Stan Williams said...

Okay, I'm judgmental, but so far the Holy Spirit hasn't convicted me of being unjust, angry, polemic, or Protestant on this issue. Canon 915 and 916 are very short and very simple. Reading them together (duh!) is the hallmark of being Catholic. As Catholics we ascribe to an and/both mentality instead of an either/or. That is why Catholicism embraces ALL of Scripture and abhors Protestant proof-texting. There are probably several ways 915 and 916 can be enacted together, and Matthew 18's order of discipline (on correcting a brother) applies. To a politician who is obnoxiously pro-abortion (even if they say they're against it) is guilty of supporting a grave evil (and perhaps lying). It does not take the confessional to discern that (of public officials). That a layperson, deacon, priest, or bishop should go to this persona PRIVATELY and confront them about their sin (I've done this with my "former" priest) is appropriate. When they refuse to see the sin, take another, and when that doesn't work, bring on the Church (which I read, in the case of abortion and politicians) make it public and refuse communion. That process (Matthew 18) embraces Canon 915 and 916. It's simple, and I see no reason why a bishop (of all people) can't understand that except to avoid showing some backbone...and so far I've not read a shred of any reason why or how these bishops might NOT understand the simpleness of this. WILL SOMEONE PLEASE GIVE ME A REASON HOW THIS IS UNDERSTOOD ANYWAY BUT OBVIOUS? I maintain that the Holy Spirit uses individuals (you and me) to proclaim the gospel and confront sin. It does not happen ONLY in the heart of the sinner. That's why Matthew 18 exists. That's why Jesus told the Church not only that is has the power to loosen, but to bind, not only the power to forgive, but NOT TO FORGIVE. It's amazing how often the Church practices the former and forgotten the latter. We Catholics think we have "altar calls" when people go forward to take communion. But in the Evangelical vernacular there's another purpose of an "altar call"—to confess sin and get right with God publicly before the Church. Catholics need more altar calls.

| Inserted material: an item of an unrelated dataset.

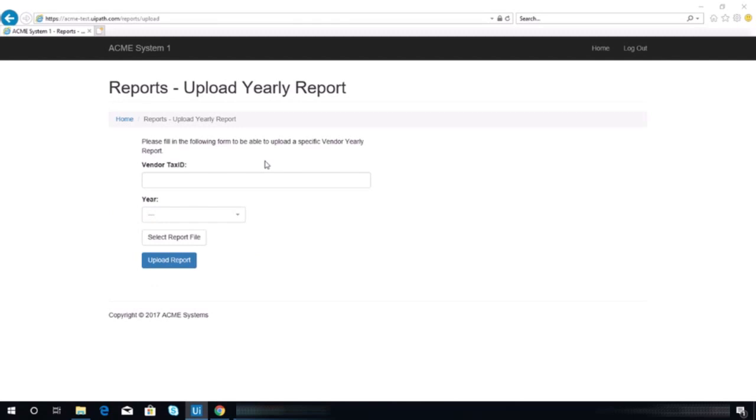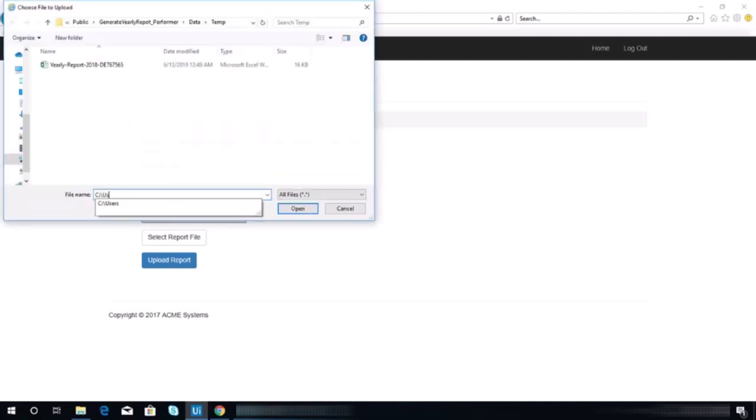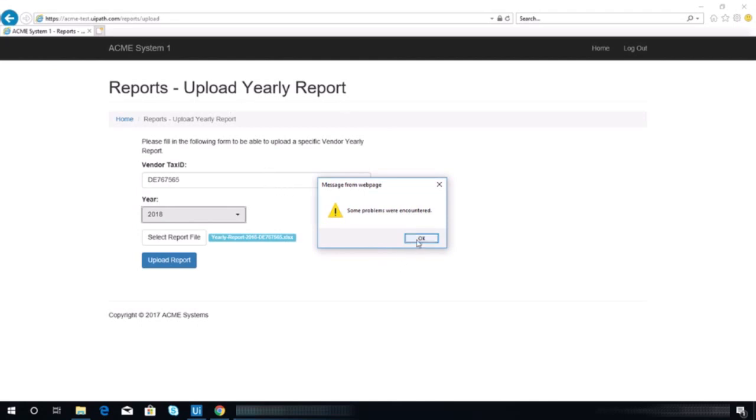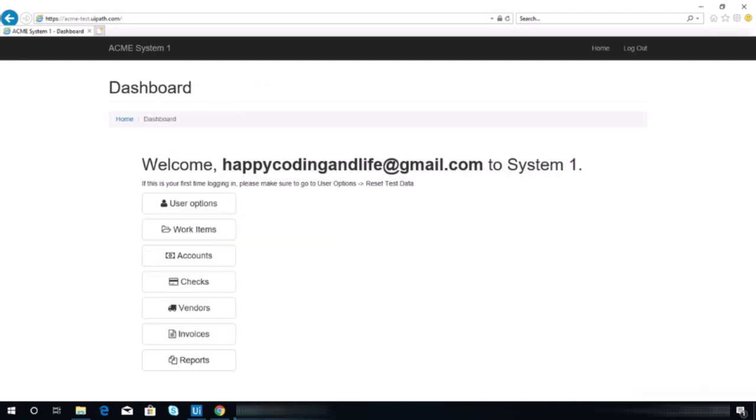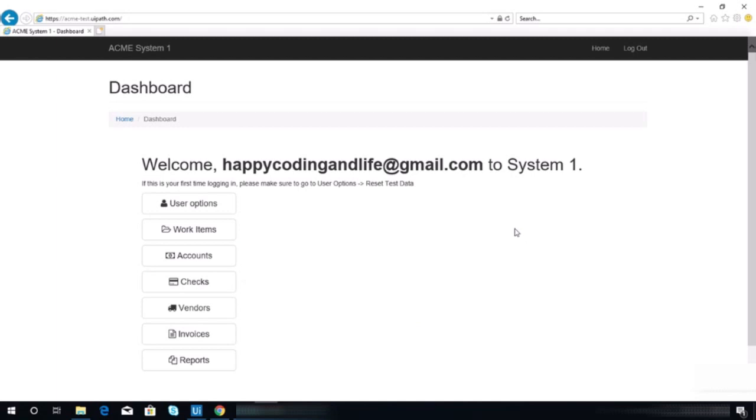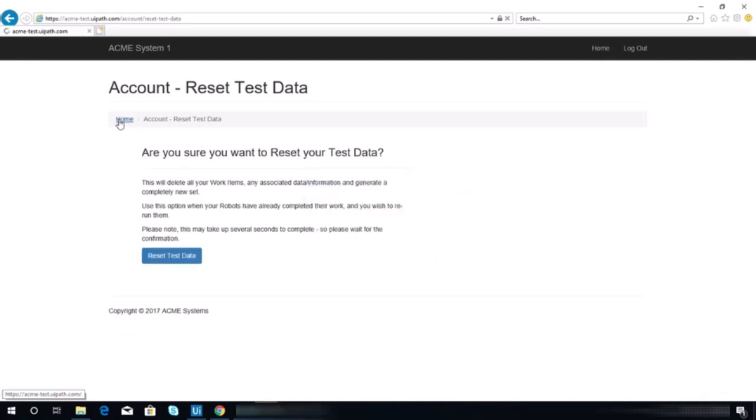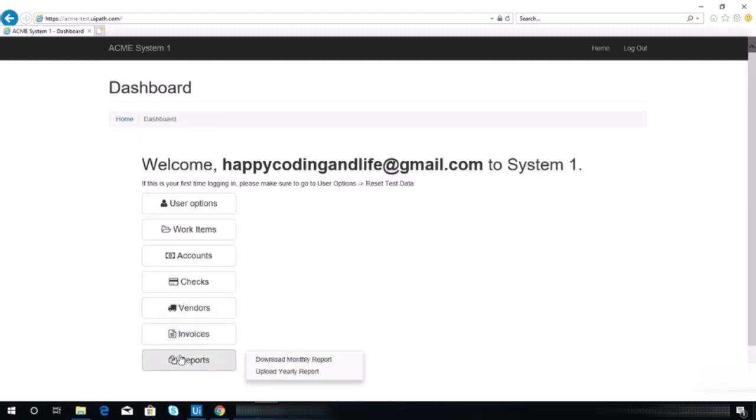So I think I don't know what's happening on this application. Maybe I can try to reset the data, maybe problem with the test data. So let's try it again.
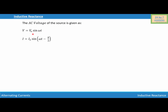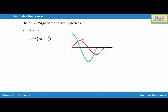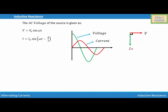Now let's represent the relationship between voltage and electric current graphically. The graph shows the voltage curve and the electric current curve, where voltage is π/2 ahead of the electric current. In the phasor diagram, voltage is along the x-axis and electric current is along the negative y-axis, showing that voltage leads by π/2 and current lags by π/2. This is how we define inductive reactance.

Diane M. Korzeniewski, OCDS said...

Dear Stan,

I hope you will join me in heading to an adoration chapel to pray that the bishops move towards unity on Canon 915 regardless of why they aren't applying it.

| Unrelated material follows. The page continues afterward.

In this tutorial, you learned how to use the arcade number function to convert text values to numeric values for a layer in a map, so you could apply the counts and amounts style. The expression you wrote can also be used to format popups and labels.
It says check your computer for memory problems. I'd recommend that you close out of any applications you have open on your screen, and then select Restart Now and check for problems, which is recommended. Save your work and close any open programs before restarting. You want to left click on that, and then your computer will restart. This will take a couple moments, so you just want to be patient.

Their actions I can certainly judge - Canon 915 is not being applied. Their motives I refuse to judge as that is for God who is the only one capable of reading their souls.


That's where I will be.

Stan Williams said...

I go to adoration each weekday, and these issues are always fervently part of my prayers. Our bishop's motivations are irrelevant when disobedient. It is good to see some unity on Sebelius, and as Deal points out, the challenge at unity has been put on the table.

Diane M. Korzeniewski, OCDS said...

Let me state it this way. Any concerns I have over the bishops I prefer to take before Our Lord in the Blessed Sacrament, rather than into public debate.